The Tennessee Titans have reached an agreement with Nashville government to build a new $2.1 billion domed stadium, a project that includes $1.26 billion total in money from the state of Tennessee and local revenue bonds. It’s among the highest totals of public funds ever committed to a U.S. sports venue, but one that city officials argue will save taxpayers money because of the onerous lease it replaces and the specific sources of the funds.
The metro government of Nashville and Davidson County will contribute $760 million via revenue bonds, and the state is adding $500 million via a one-time contribution. The Titans ownership has agreed to fund the other $840 million—including revenue from the sale of personal seat licenses (PSLs), and money from the NFL’s league-wide stadium loan program—plus a commitment to cover all overruns.
The Titans, which are worth $3.29 billion, will sign a new 30-plus-year lease to remain in the city. The stadium could be ready as early as 2026.
“When my father brought this team to Tennessee 25 years ago, I don’t think he could have imagined a better home for our organization,” Titans owner Amy Adams Strunk said in a statement. “I am thrilled that with this new agreement, we will cement our future here in Nashville for another generation.”
The stadium will almost certainly improve the economics for the Titans, which currently play in the 23-year-old Nissan Stadium, constructed at the time of their move from Houston. A modern, domed stadium will likely also help lure more winter concerts, bigger college football postseason games and maybe even a Super Bowl, all events with economic upside to the Titans as the venue’s operator.
For the city, the deal is an opportunity to get out of an obligation to keep Nissan Stadium a “first-class” venue until 2039, part of the original package to lure the Titans to Tennessee. The mayor’s office and metro council recently commissioned an independent report to assess how much it might need to spend to maintain that status, and the group concluded it would cost $1.75 billion to $1.95 billion over the next 17 years.
This deal, the city says, will dramatically lower that obligation, and shift it from the city’s general fund to bonds backed by a new 1% hotel/motel tax, and sales taxes collected from the stadium. Both that hotel/motel tax and the $500 million from the state represent funding that can only be used for costs related to a domed stadium, according to the announcement.
“This new stadium proposal protects metro taxpayers by not spending a single dollar that could be spent elsewhere on our core priorities like education and public safety,” Nashville mayor John Cooper said in a statement. “Doing nothing was not a legal option for us, and renovating the current stadium proved to be financially irresponsible, so we are proposing a new stadium paid for by the team, the state, tourists and spending around the stadium—not by your family.”

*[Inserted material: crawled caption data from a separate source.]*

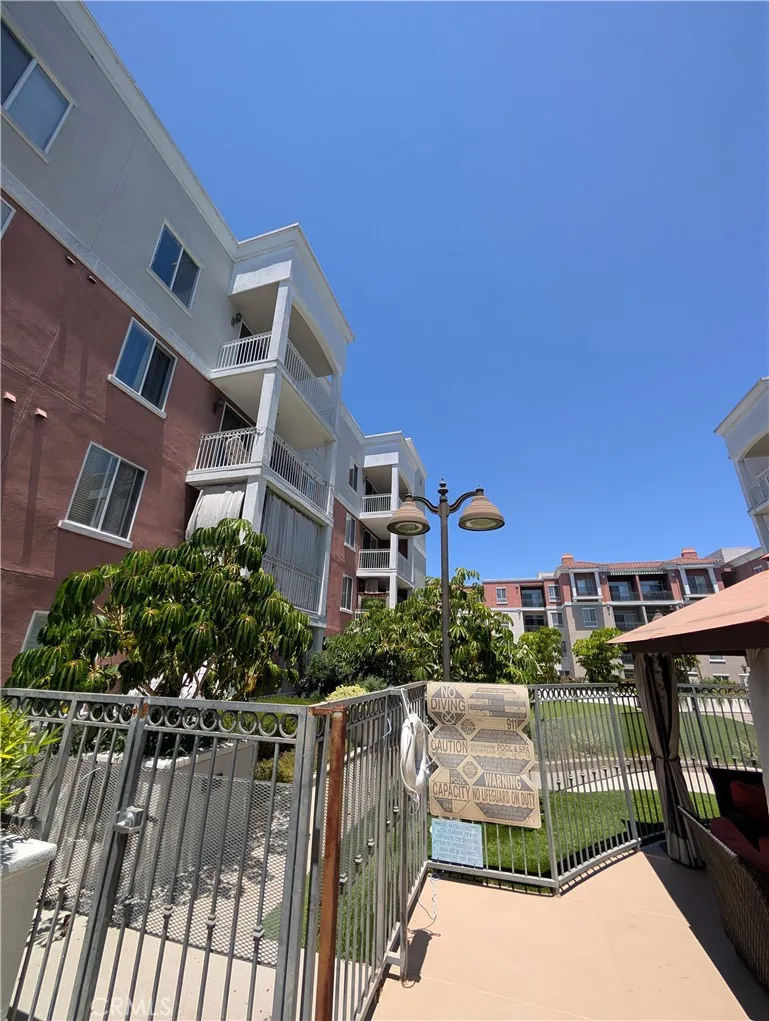 3740 Santa Rosalia #402 Los Angeles, CA 90008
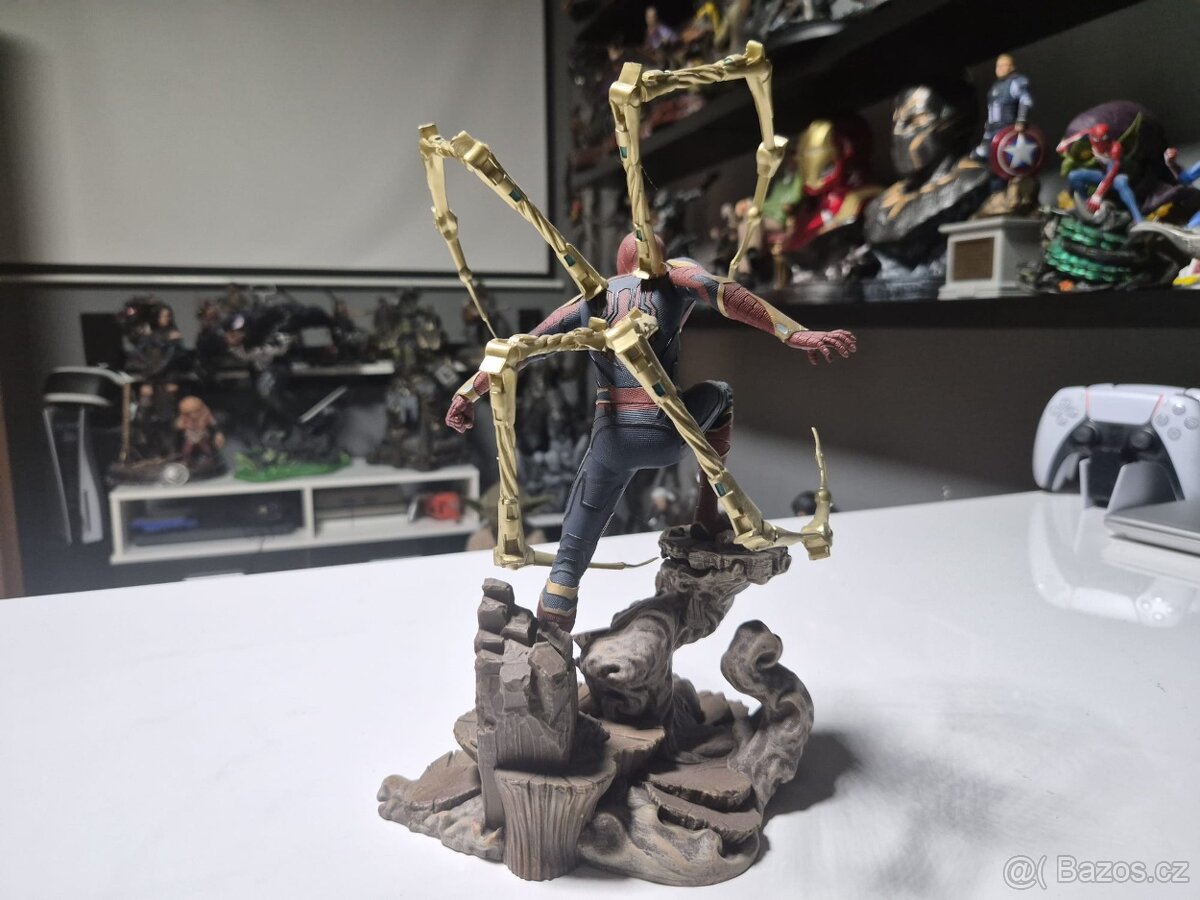 Socha Spider-Man - infinity WAR - Diamond Select - 3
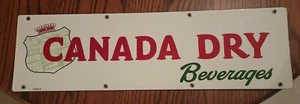 ¡Letrero de porcelana Canada Dry Beverages años 60 con gráficos! - Imagen 1 de 11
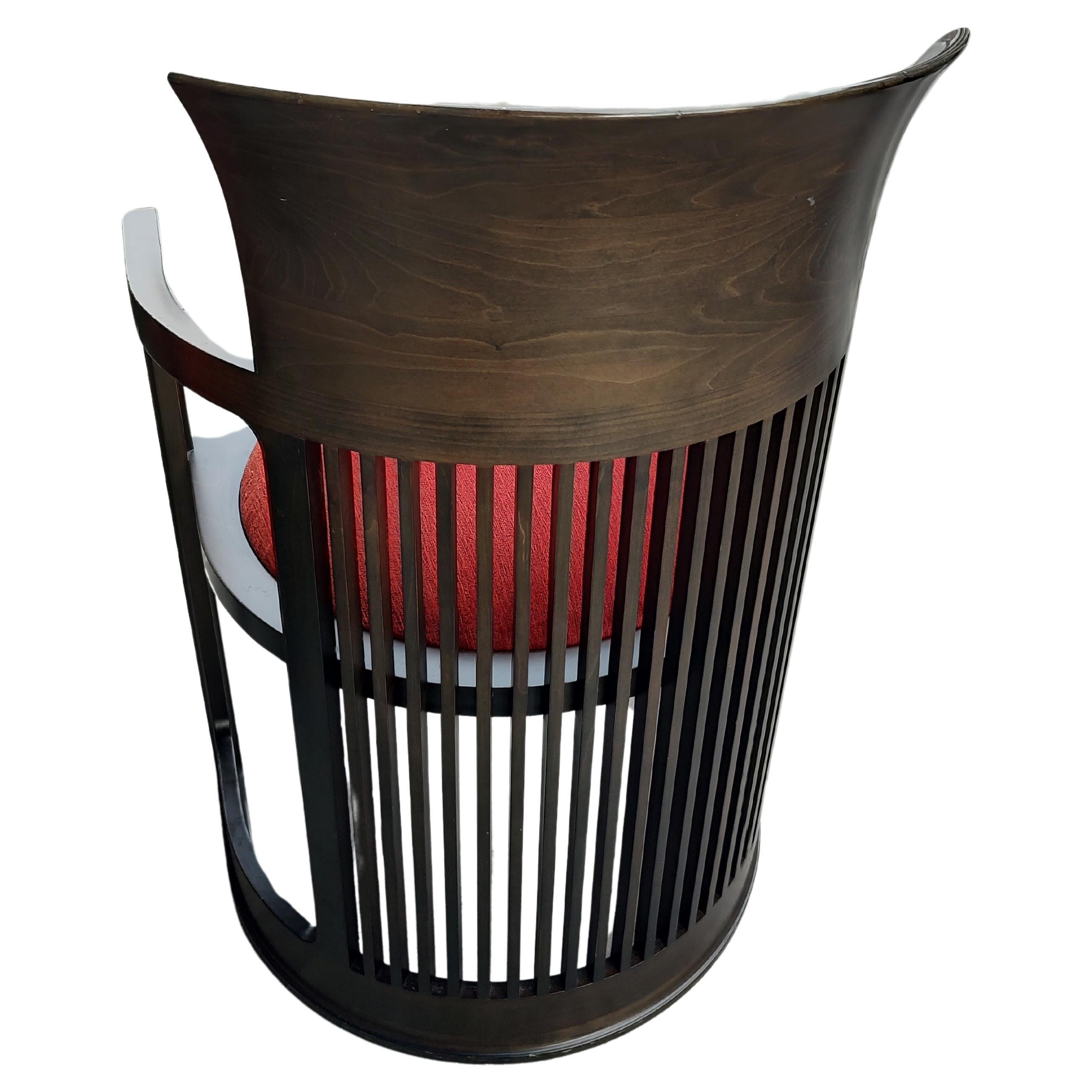 Spettacolare set di 4 sedie con schienale a botte disegnate da Frank Lloyd Wright nel 1906-07 e prodotte nel 1936. Si tratta di una collaborazione del 1986 tra l'italiana Cassina e la Frank Lloyd Wright Foundation. Artigianato e design incredibili.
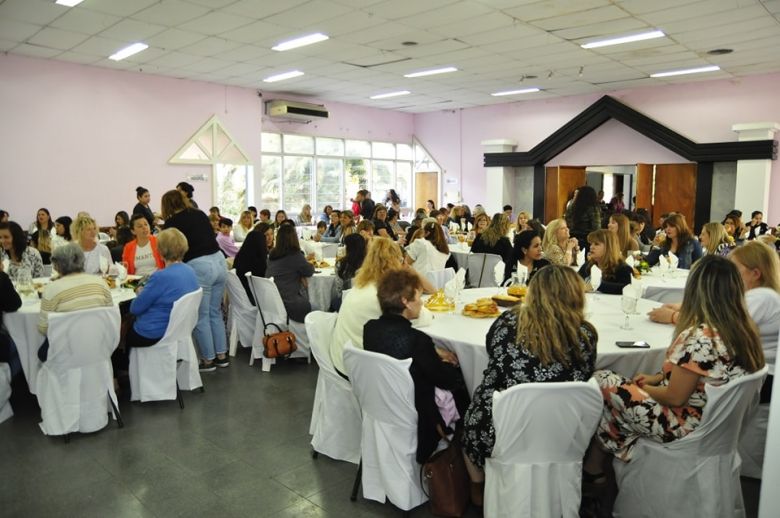 El intendente visitó el Hogar Santa Teresita para celebrar el Día de la Madre 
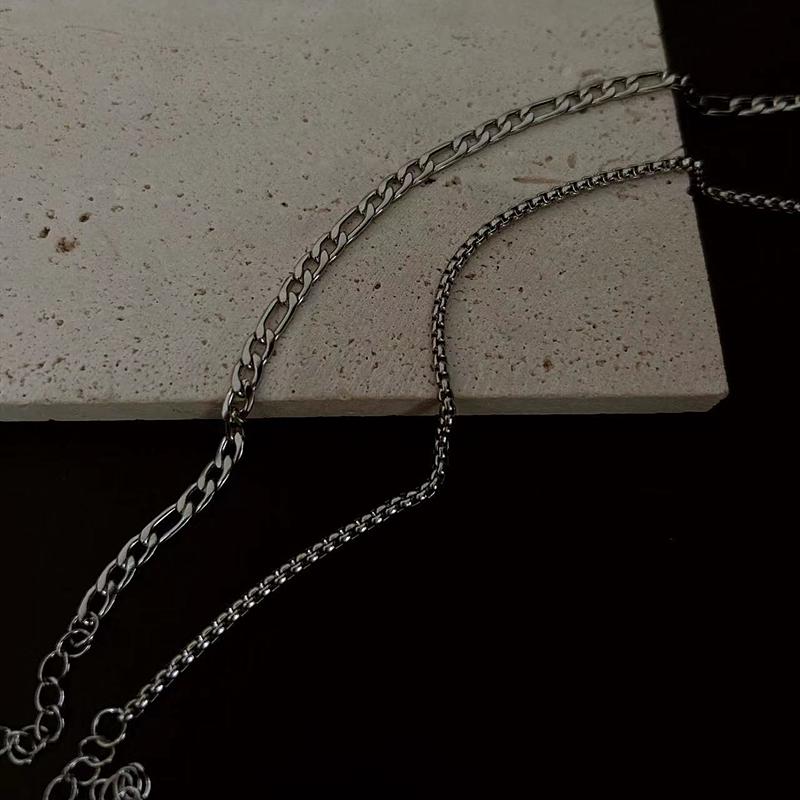 Sada 2 ks pánského řetízkového náramku z nerezové oceli Jednoduchý náramek z kovu stříbrné barvy pro volný čas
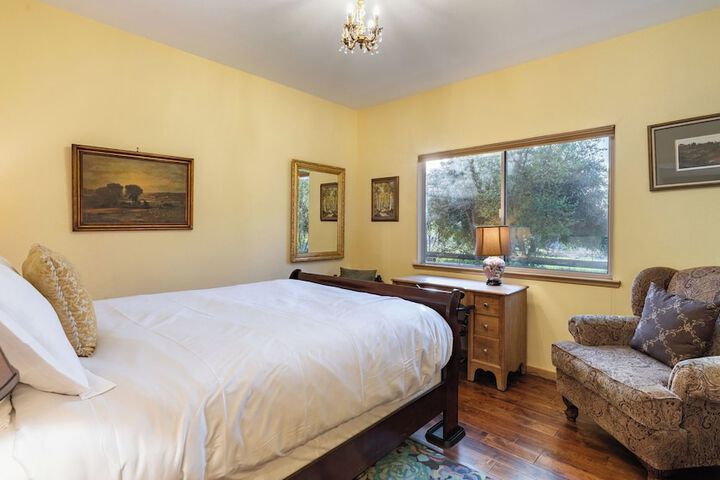 Valley of the Moon by Avantstay Tranquil Escape Large Yard w / Hot Tub & Fire Pit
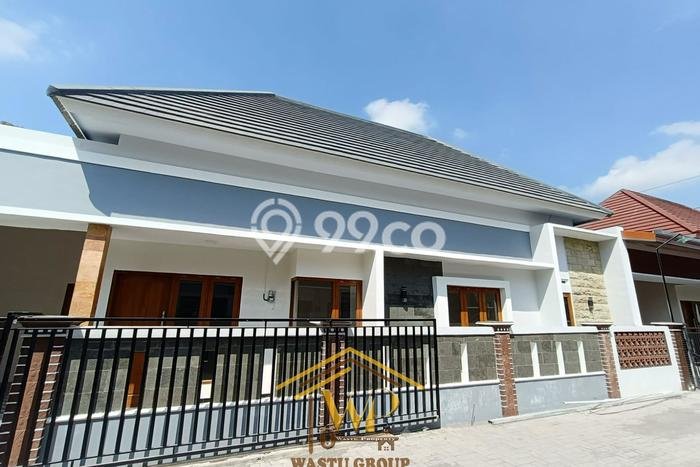 SPECIAL PRICE! Rumah Strategis di Ngemplak, Luas 142m² LB 110m² SPECIAL PRICE! Rumah Strategis di Ngemplak, Luas 142m² LB 110m²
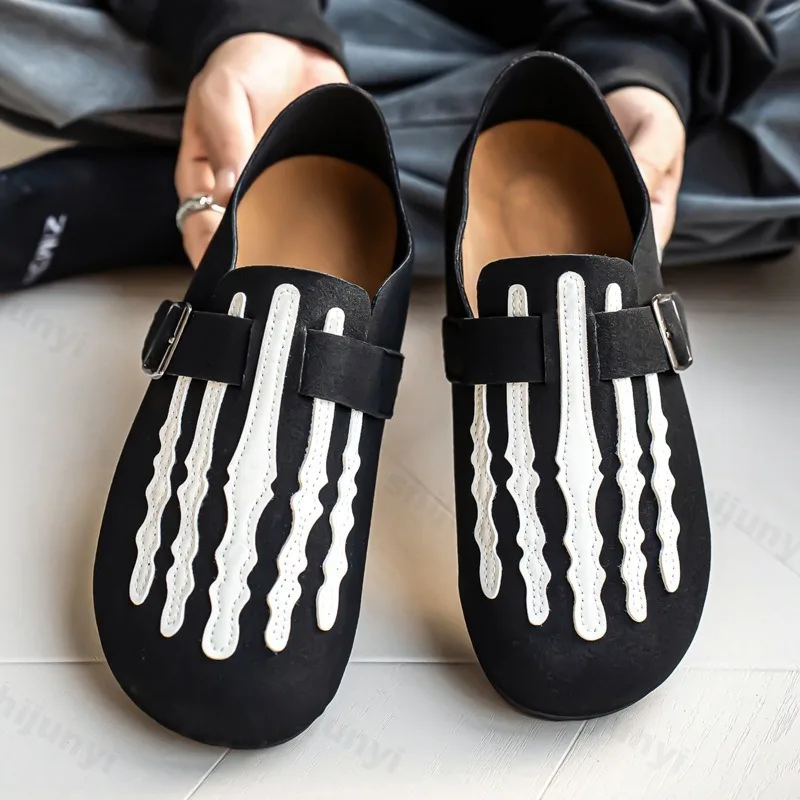 

2025 Autumn New Men's Retro Bone Print Low Top Casual Single Shoes Concise Versatile Comfortable Wear-resisdent Slip on Sneakers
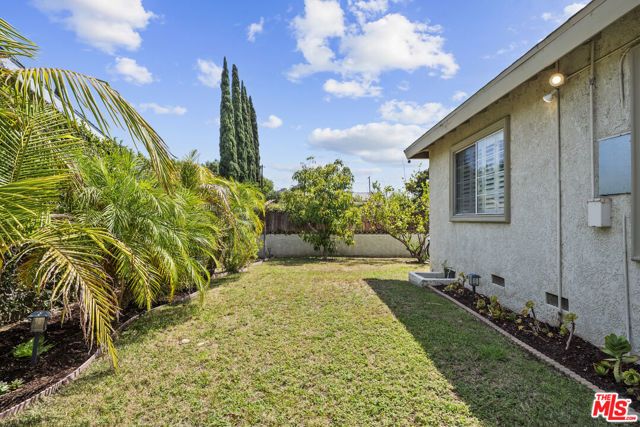 16201 Halsey Street, Los Angeles, CA 91344
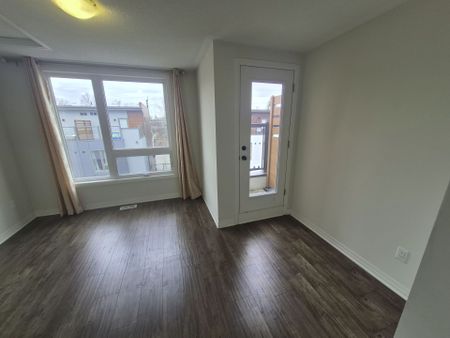 For Lease - 1635 Pleasure Valley Path, Oshawa, Ontario - Photo 3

As part of the deal, the Titans will relinquish 66 acres of land near the stadium that the team controls as part of its current lease. That’s particularly noteworthy in that it bucks a growing trend of modern sports ownership, which is now as much about finding successful business synergies in real estate, media and technology, as it is about the franchise itself.
The Titans have agreed to cover costs of maintenance and upkeep on the stadium over the course of their new lease, a departure from the current agreement at Nissan Stadium. The metro government will own the stadium when that lease expires.
It’s just the latest NFL stadium project to draw significant public funding, despite increasing opposition to such expenditures. In 2016 the Las Vegas Raiders secured $750 million in county money for their new stadium, then a record for a pro sports venue. That was eclipsed earlier this year, when state and local officials pledged $850 million for a new Bills stadium near Buffalo.
The Titans are controlled by Amy Adams Strunk who took over following a complicated transition in the wake of her father’s death. It is the 23rd most valuable team in the NFL, according to Sportico’s rankings, and 34th among U.S. pro franchises.
Inner Circle Sports served as strategic advisor to the Nashville government on the deal.